**Exercise directions**
Please reproduce every record, keeping each one exactly as written.

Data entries

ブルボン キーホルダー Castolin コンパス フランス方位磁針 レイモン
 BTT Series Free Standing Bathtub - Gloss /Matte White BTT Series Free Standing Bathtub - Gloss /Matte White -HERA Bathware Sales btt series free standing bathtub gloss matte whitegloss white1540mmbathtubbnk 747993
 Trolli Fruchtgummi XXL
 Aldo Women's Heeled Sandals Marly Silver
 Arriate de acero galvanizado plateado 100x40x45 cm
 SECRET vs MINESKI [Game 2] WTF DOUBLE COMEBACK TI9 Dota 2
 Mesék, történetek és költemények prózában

**Answer to this task**
ブルボン キーホルダー Castolin コンパス フランス方位磁針 レイモン
 BTT Series Free Standing Bathtub - Gloss /Matte White BTT Series Free Standing Bathtub - Gloss /Matte White -HERA Bathware Sales btt series free standing bathtub gloss matte whitegloss white1540mmbathtubbnk 747993
 Trolli Fruchtgummi XXL
 Aldo Women's Heeled Sandals Marly Silver
 Arriate de acero galvanizado plateado 100x40x45 cm
 SECRET vs MINESKI [Game 2] WTF DOUBLE COMEBACK TI9 Dota 2
 Mesék, történetek és költemények prózában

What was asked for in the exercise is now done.